Six months ago she had started to act strange. She had made a new friend who she works with and suddenly they seamed to be best of friends. During this time my wife started talking about getting a tattoo and wanted to know what I thought? She was thinking about being in a play because her new friend was big into acting and she even asked me if I would like to watch pornography with her because she had never seen it before. I was supportive on all of these counts and have always encouraged my wife. Still I was starting to wonder about her new friend because of how much time they were spending together and how offen she would talk about her.

Five nights ago my wife was out working late again, something she has been doing a lot of when I got a phone call from my wifes new friends husband. I have never met this man before or even talked with him. He started by telling me he was worried about our marrage because his wife had just brocken up there marriage of 14 years This was two weeks before my wife had done the same to me, it even sounded like she had used the same words. He also explaned that his wife can be very karasmatic and manipulative and that she wanted a "playpal for after the seperation". He seamed genuinely concerned for our marrage.

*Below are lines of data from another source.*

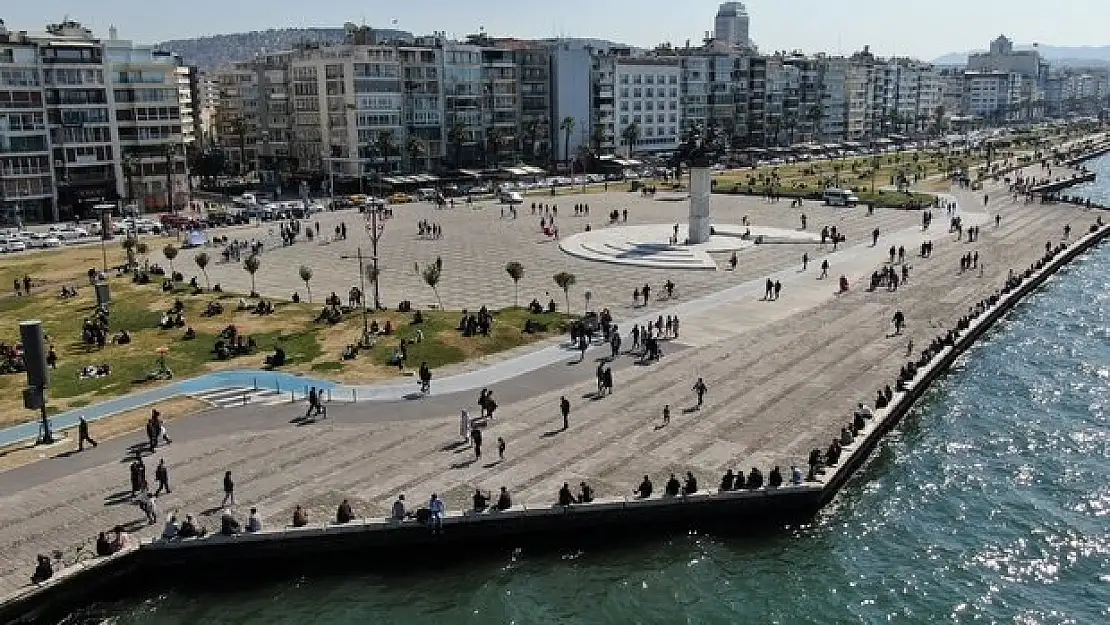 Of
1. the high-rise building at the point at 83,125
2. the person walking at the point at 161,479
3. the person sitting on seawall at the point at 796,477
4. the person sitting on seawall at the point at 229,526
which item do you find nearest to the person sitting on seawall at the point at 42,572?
the person sitting on seawall at the point at 229,526

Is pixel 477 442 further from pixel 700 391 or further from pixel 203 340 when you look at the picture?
pixel 203 340

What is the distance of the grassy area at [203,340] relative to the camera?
43219 millimetres

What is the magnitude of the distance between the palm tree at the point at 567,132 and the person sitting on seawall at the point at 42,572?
134 m

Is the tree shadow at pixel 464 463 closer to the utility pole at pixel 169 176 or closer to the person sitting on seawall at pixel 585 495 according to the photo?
the person sitting on seawall at pixel 585 495

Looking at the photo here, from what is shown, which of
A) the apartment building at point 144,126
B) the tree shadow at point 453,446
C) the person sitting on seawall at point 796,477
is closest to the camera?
the person sitting on seawall at point 796,477

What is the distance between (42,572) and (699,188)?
6214cm

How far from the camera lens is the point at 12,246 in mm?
85000

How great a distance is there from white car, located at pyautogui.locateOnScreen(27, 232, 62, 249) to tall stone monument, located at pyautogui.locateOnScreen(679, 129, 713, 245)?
190 ft

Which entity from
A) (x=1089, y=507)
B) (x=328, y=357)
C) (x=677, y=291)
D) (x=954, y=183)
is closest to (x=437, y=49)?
(x=954, y=183)

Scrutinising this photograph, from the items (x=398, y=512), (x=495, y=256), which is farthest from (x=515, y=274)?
(x=398, y=512)

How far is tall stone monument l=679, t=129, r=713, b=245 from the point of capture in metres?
78.6

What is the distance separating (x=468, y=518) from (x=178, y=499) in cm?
964

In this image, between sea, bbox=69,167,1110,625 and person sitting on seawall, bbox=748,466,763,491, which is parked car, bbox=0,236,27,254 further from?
person sitting on seawall, bbox=748,466,763,491

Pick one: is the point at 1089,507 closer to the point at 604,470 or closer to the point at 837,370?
the point at 837,370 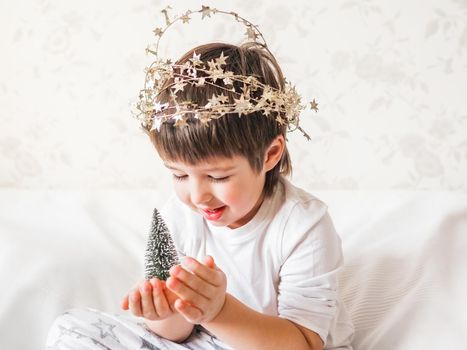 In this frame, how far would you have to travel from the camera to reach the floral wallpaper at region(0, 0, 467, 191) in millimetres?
1986

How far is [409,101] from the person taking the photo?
2029mm

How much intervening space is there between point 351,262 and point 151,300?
0.70 m

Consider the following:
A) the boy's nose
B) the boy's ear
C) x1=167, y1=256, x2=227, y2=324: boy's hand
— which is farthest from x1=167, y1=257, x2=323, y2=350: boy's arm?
the boy's ear

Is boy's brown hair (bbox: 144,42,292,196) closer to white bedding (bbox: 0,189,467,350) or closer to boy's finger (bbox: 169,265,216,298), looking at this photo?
boy's finger (bbox: 169,265,216,298)

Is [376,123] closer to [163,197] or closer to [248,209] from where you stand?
[163,197]

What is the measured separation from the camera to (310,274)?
3.77 ft

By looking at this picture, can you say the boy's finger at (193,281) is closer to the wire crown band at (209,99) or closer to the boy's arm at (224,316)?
the boy's arm at (224,316)

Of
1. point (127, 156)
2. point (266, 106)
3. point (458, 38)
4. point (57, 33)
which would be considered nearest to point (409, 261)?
point (266, 106)

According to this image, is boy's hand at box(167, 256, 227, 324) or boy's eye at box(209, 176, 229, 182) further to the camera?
boy's eye at box(209, 176, 229, 182)

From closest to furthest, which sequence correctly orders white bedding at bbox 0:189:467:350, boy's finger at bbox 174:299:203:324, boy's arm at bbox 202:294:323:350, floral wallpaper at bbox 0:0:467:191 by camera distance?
boy's finger at bbox 174:299:203:324, boy's arm at bbox 202:294:323:350, white bedding at bbox 0:189:467:350, floral wallpaper at bbox 0:0:467:191

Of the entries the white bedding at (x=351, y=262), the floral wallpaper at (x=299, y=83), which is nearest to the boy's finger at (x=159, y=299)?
the white bedding at (x=351, y=262)

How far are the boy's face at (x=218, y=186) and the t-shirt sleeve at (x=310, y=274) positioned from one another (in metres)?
0.11

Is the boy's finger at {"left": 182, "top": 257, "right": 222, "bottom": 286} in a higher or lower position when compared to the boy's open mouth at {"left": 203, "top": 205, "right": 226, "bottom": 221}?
lower

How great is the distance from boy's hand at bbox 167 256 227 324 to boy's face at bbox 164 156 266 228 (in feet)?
0.43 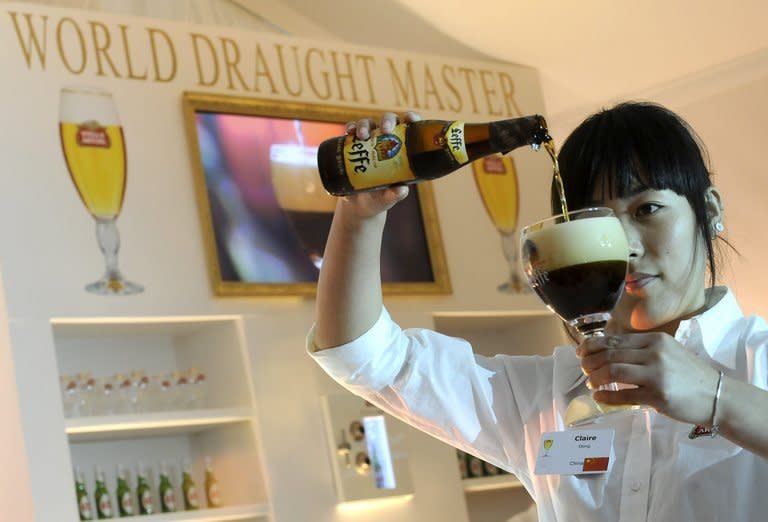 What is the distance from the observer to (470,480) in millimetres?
4754

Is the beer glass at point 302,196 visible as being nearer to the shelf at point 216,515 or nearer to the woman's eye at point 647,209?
the shelf at point 216,515

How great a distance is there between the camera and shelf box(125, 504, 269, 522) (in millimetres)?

Our marrage hasn't been perfect, 11 years ago I was diagnosed with an adult form of muscular dystrophy which has phyically affected me but I truely love my wife and until a month ago I believed she loved me. As I mentioned, we are going for counseling but she still seams far more interested in hanging out and texting her friend than trying to fix our marriage.

I really need help!


----------



## keko

You need to find a way to kill this friendship, she is too toxic to your wife.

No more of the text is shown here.